Abstract. The search for microfossils in the geological record has been a long-term challenge. Part of the problem comes from the difficulty of identifying such microfossils unambiguously, since they can be morphologically confused with abiotic biomorphs. One route to improve our ability to correctly identify microfossils involves studying fossilization processes affecting bacteria in modern settings. We studied the initial stages of fossilization of cyanobacterial cells in modern microbialites from Lake Alchichica (Mexico), a Mg-rich hyperalkaline crater lake (pH 8.9) hosting currently growing stromatolites composed of aragonite [CaCO3] and hydromagnesite [Mg5(CO3)4(OH)2 · 4(H2O)]. Most of the biomass associated with the microbialites is composed of cyanobacteria. Scanning electron microscopy analyses coupled with confocal laser scanning microscopy observations were conducted to co-localize cyanobacterial cells and associated minerals. These observations showed that cyanobacterial cells affiliated with the order Pleurocapsales become specifically encrusted within aragonite with an apparent preservation of cell morphology. Encrustation gradients from non-encrusted to totally encrusted cells spanning distances of a few hundred micrometers were observed. Cells exhibiting increased levels of encrustation along this gradient were studied down to the nm scale using a combination of focused ion beam (FIB) milling, transmission electron microscopy (TEM) and scanning transmission x-ray microscopy (STXM) at the C, O and N K-edges.
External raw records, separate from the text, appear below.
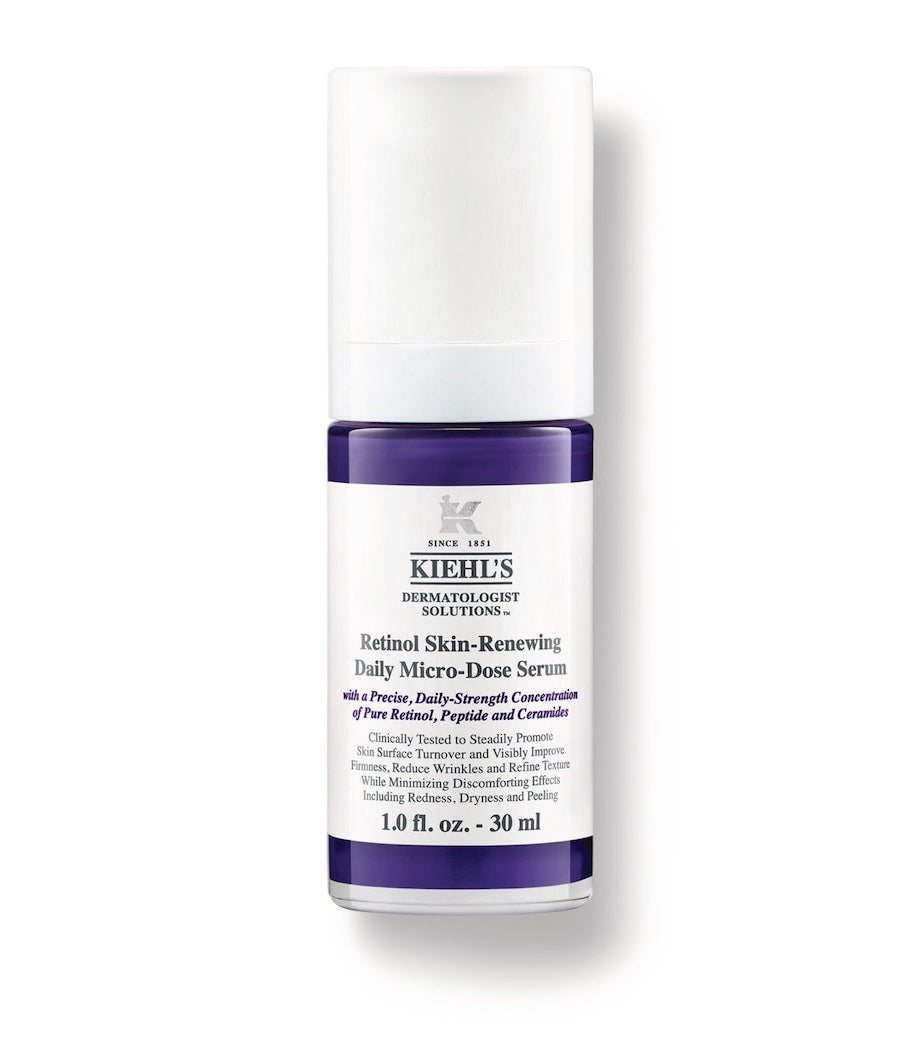 Kiehl's Retinol Skin-Renewing Daily Micro-Dose Serum (30ml)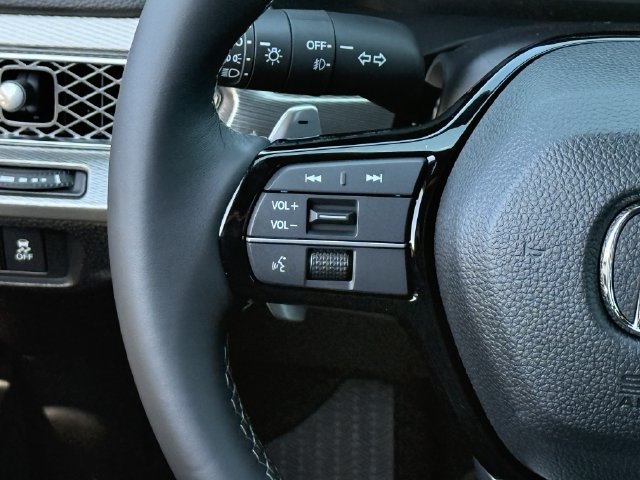 New 2026 Acura Integra A-Spec FWD image 13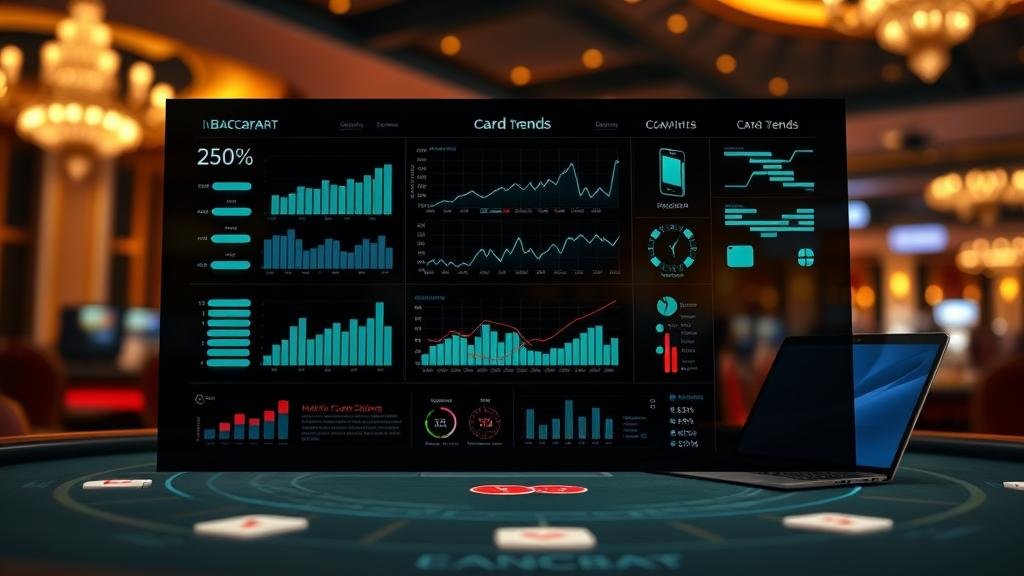 เครื่องมือจัดการงบประมาณบาคาร่าบนแท็บเล็ต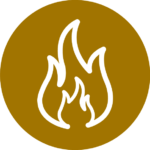 ACT Icons Fire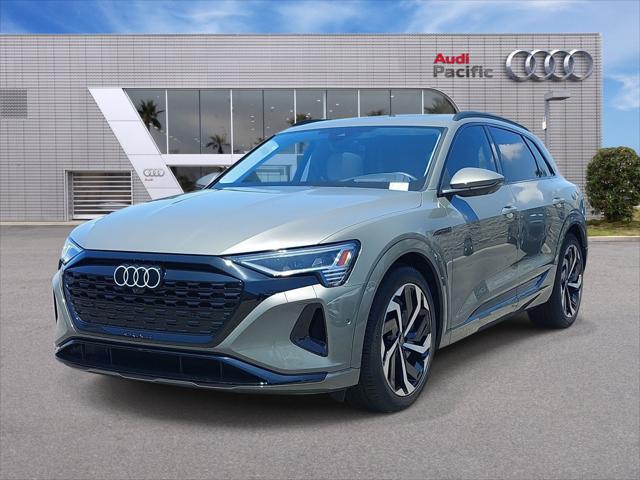 2024 Audi e-tron Prestige quattro for sale in Torrance, CA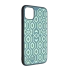 Накладка iPhone 12/12 Pro LYAMBDA ERIS Green 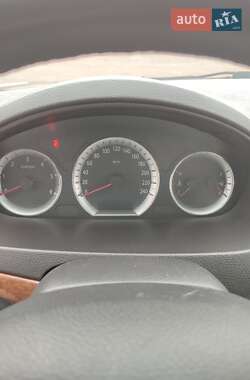 Седан Hyundai Sonata 2009 в 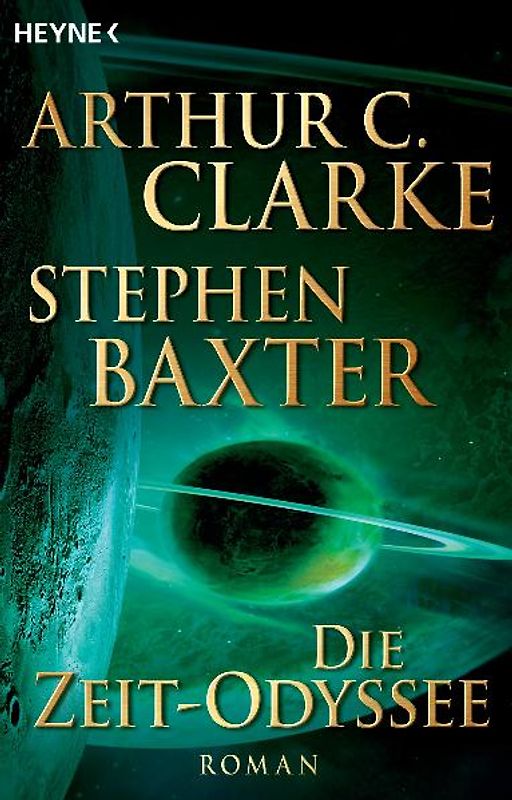 Die Zeit-Odyssee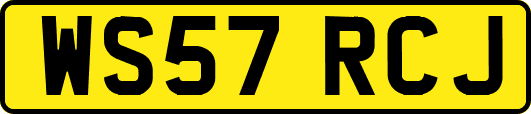 WS57RCJ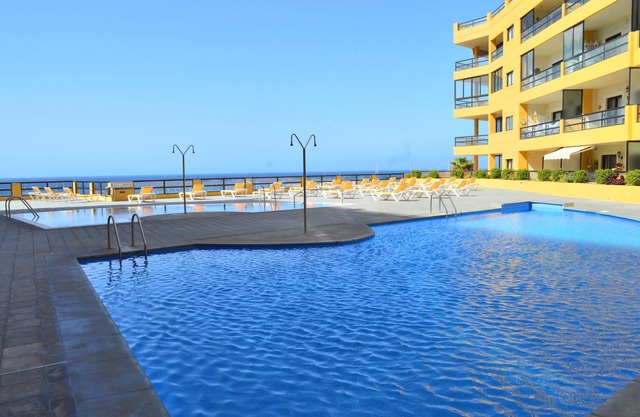 Aguamarina Golf 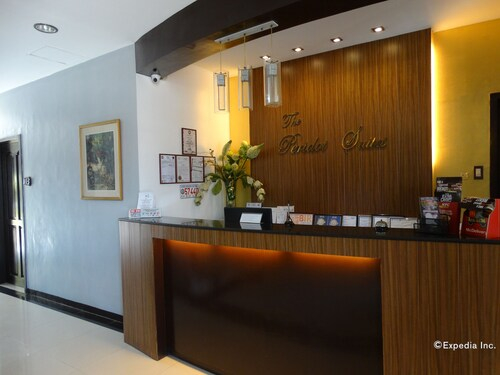 The Peridot Suites, Davao City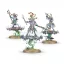 Games Workshop DISCIPLES/TZEENTCH: TZAANGOR ENLIGHTENED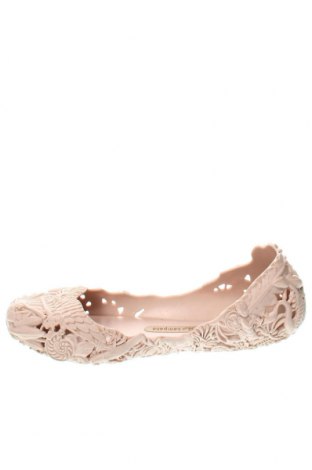 Дамски обувки Melissa + Campana, Размер 37, Цвят Розов, Цена 63,90 лв.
Two different types of aragonite crystals were observed: one type was composed of needle-shaped nano-crystals growing outward from the cell body with a crystallographic orientation perpendicular to the cell wall, and another type was composed of larger crystals that progressively filled the cell interior. Exopolymeric substances (EPS), initially co-localized with the cells, decreased in concentration and dispersed away from the cells while crystal growth occurred. As encrustation developed, EPS progressively disappeared, but remaining EPS showed the same spectroscopic signature. In the most advanced stages of fossilization, only the textural organization of the two types of aragonite recorded the initial cell morphology and spatial distribution.